In regard to popularity, think of it in terms of timing. We need books that have broad appeal before the market becomes saturated with books of that type. So a book needs to be in a popular area, but not in one that is so glutted editors are only reviewing work from the top five authors in that genre. Publishing is cyclical and finding material that people want to read but doing so before a 1000 other authors (some hyperbole for ya there) fill editors’ lists for that trend is the key. Think of Harry Potter. There was only going to be one Harry Potter, yet every publisher wanted one and every writer wanted to create the next popular boy wizard. You are always going to have readers who like Harry Potter and wanted the same kind of story, but maybe with a different setting or different characters. Publishers responded to that need and so did writers. The market for books about boy wizards or just mid-grade fantasy in general overflowed with knock-offs and so commercial appeal disappeared when readers decided they wanted something new. Only those authors who established themselves at the beginning of the “let’s copy Harry” craze are still writing something. The others faded out because there just wasn’t a need anymore.

Hope this helps.

Wylie Merrick Literary said...

“How many times do you see a great ten page that have been polished until it shined only to get more pages and have the writing fall apart?”

You’re right that this could happen if there was enough great writing in those first ten pages. Most times, though, I only have to read a page or so and don’t order more. Many times I don’t get to the reading because of problems in the query letter—problems like low word count, something that’s low on my priority list, the audience is too narrow, something I have too many of already, a genre that I don’t handle. Things like that. Also, sometimes writers don’t send the first ten pages but send something from the middle of the book, and I can’t tell anything from that.

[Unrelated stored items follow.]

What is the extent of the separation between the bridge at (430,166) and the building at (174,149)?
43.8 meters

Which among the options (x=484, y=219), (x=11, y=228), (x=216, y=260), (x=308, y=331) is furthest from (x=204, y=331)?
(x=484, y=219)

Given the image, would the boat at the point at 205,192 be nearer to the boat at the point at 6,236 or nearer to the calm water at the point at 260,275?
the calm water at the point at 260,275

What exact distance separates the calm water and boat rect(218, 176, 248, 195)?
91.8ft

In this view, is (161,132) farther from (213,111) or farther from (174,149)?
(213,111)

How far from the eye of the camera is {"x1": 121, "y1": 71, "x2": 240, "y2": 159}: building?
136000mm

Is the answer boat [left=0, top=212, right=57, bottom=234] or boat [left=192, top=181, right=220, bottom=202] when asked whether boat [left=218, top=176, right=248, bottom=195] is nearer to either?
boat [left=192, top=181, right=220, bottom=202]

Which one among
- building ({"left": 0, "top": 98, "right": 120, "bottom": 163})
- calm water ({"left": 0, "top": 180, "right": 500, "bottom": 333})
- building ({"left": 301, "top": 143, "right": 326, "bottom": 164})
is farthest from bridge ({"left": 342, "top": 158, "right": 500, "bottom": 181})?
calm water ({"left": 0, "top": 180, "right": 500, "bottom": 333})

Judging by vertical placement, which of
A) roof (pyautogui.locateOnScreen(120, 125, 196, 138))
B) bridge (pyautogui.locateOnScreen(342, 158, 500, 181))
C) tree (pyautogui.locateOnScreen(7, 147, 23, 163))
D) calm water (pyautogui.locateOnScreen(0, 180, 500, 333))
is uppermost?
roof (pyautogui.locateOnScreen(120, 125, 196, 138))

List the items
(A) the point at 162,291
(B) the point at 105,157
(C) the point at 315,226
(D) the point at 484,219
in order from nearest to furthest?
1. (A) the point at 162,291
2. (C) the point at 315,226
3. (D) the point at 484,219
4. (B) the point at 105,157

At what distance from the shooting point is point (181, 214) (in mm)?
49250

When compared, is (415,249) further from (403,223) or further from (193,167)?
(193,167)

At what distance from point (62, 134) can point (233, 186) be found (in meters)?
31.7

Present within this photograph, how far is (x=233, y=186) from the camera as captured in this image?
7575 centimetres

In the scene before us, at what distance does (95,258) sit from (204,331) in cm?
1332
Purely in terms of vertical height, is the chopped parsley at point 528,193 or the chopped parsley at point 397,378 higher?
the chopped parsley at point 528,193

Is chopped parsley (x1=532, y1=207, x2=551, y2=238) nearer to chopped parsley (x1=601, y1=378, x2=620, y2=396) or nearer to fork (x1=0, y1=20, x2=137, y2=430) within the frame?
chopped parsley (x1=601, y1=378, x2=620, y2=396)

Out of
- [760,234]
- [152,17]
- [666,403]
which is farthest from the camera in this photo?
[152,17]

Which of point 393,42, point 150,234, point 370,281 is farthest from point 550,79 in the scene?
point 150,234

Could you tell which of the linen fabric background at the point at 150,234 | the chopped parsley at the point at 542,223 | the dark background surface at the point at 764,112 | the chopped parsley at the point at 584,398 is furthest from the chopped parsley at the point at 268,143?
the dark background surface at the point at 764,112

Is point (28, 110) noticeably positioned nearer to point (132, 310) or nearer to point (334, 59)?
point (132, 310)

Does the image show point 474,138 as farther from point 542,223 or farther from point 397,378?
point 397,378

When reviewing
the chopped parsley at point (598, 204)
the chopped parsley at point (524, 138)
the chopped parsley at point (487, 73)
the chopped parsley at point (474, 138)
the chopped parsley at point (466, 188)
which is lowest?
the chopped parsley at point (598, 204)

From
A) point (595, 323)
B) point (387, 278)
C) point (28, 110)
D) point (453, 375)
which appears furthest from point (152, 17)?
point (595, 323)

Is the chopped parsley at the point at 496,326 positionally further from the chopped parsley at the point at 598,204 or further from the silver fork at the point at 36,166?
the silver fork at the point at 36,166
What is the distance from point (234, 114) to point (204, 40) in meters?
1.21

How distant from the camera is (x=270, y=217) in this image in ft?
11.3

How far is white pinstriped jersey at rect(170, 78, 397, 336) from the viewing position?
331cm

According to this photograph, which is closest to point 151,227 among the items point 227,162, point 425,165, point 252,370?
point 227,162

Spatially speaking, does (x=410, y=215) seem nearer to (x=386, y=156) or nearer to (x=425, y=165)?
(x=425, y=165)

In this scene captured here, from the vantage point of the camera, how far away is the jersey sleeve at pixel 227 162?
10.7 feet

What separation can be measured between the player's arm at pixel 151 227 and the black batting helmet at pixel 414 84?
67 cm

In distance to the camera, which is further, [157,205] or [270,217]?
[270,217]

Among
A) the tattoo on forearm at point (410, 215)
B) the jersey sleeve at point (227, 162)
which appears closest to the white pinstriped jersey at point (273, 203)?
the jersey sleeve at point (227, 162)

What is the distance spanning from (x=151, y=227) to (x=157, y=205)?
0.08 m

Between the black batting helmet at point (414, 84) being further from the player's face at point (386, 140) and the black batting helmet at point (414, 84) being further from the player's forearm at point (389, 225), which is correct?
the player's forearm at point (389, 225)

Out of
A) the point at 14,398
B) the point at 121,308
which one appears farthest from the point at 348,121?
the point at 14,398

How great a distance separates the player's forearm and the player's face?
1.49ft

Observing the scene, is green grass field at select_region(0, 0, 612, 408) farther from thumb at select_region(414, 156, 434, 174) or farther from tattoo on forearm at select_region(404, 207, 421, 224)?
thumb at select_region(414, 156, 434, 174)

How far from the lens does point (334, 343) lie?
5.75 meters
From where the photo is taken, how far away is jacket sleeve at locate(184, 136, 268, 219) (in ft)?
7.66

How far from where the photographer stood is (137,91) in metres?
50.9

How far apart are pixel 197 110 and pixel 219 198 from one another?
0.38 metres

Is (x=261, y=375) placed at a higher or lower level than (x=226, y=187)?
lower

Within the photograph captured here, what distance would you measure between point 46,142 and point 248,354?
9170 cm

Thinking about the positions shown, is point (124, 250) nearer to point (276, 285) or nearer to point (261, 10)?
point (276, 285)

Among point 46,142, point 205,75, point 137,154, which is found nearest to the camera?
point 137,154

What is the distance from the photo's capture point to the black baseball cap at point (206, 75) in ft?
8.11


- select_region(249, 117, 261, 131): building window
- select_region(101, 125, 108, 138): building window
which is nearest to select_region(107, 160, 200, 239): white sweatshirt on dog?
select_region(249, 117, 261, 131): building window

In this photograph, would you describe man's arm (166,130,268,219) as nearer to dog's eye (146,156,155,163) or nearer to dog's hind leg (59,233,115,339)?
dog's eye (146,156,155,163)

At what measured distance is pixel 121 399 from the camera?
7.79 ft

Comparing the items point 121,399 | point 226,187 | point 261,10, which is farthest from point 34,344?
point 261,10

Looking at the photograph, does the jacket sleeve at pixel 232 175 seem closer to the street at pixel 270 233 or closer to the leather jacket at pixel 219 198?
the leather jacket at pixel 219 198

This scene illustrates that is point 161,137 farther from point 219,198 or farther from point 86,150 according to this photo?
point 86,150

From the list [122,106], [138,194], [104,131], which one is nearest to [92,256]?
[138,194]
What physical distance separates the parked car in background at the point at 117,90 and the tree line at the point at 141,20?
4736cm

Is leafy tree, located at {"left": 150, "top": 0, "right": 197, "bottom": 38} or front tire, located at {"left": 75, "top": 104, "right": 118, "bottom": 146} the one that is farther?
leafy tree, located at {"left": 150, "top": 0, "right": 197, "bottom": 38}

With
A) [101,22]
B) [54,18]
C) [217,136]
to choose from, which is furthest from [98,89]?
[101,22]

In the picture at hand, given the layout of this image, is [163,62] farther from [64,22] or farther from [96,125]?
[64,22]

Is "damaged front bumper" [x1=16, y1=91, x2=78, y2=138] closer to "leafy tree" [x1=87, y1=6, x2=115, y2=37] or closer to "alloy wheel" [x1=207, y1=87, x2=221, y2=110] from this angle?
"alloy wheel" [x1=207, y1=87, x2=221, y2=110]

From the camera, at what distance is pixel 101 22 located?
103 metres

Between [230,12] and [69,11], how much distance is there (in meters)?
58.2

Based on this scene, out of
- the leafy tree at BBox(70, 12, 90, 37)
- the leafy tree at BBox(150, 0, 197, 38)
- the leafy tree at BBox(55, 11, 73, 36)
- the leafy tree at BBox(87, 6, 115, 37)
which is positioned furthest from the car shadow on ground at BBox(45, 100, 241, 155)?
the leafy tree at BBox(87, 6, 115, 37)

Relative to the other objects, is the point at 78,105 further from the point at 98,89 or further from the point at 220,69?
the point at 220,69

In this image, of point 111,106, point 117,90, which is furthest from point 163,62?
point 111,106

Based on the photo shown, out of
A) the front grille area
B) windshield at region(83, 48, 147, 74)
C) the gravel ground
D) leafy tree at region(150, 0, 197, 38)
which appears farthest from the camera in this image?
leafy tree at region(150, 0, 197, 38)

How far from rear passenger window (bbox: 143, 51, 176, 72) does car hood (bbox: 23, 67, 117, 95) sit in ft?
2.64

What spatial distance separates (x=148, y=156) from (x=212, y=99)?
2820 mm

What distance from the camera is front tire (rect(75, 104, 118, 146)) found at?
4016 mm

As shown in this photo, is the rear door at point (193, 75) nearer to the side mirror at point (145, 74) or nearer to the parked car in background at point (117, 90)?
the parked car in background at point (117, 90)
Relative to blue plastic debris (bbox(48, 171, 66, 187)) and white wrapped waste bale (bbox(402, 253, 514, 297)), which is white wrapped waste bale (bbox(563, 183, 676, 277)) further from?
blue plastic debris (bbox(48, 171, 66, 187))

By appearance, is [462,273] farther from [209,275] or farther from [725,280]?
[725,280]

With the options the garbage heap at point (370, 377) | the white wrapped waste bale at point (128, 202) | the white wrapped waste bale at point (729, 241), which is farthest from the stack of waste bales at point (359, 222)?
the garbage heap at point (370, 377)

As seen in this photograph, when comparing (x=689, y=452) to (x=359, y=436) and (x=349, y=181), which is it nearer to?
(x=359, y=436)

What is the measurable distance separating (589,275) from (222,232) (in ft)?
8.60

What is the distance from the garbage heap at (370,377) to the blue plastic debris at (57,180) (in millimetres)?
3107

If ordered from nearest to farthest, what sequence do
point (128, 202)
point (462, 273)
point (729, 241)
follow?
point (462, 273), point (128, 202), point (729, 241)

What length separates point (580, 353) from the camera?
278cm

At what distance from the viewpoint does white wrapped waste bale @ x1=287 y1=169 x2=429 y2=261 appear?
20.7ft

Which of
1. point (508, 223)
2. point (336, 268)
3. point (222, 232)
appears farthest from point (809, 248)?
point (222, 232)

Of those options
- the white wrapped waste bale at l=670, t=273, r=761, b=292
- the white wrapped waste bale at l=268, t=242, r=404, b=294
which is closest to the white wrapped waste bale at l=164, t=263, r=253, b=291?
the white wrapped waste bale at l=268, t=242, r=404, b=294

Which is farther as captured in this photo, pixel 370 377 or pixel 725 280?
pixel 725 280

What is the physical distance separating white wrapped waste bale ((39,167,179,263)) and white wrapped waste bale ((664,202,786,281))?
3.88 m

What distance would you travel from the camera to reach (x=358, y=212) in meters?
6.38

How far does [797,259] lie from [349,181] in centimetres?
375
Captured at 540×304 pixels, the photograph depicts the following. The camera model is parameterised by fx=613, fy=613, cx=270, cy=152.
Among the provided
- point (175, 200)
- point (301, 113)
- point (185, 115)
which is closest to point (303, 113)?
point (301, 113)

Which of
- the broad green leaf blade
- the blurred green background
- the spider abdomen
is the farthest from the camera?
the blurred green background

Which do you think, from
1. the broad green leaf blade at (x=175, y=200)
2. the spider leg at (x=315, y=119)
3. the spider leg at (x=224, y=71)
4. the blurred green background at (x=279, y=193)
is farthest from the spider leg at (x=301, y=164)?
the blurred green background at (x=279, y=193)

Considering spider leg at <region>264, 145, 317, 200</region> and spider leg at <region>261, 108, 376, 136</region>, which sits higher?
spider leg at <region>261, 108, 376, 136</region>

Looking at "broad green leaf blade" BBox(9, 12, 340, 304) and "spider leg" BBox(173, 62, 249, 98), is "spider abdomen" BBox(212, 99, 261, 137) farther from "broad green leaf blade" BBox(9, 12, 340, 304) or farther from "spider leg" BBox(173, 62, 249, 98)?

But to fully answer your question, yes, I have ordered works that fall apart after ten pages or even past that point. Many authors can write beautiful opening but cannot transition into middle novel. Books, of course, even dry up after that because some authors tried to pad a novel to make it longer and it’s quite obvious they should have stopped at the short story or novella stage. One pitfall I see is that many writers have taken the advice to polish the first three chapters to heart, but they stop there. So they will get requests for chapters, but after chapter three or four, it becomes a whole different world because the writing is much rougher. The whole novel should shine, not just parts of it, and those novels are hard to find.

Anonymous said...

BK: I can relate to the query letter issue, big time. In the last year I sent around 20 submission packages (query letter, synopsis, 2-3 chapters) to sci-fi agents in the UK, and got mildly polite rejections. Having used up most of the available pool of agents, I finally decided to get my submission package reviewed by a professional literary consultancy. They told me my writing was okay (good in fact, and that it had commercial value), but that my query letter and synopsis were a total disaster, and they would be surprised if agents got to the chapters. They gave me some hints, and after 20 re-drafts, I sent it out again. I now have an agent.

Anonymous said...

I find your opinions to be more rude than helpful. You are an agency, so it's not a matter of whether you like a novel, but a matter of the audience that is out there for that story. I hate cheesy romance novels, but they obviously sell. Why? Because there's a market for it.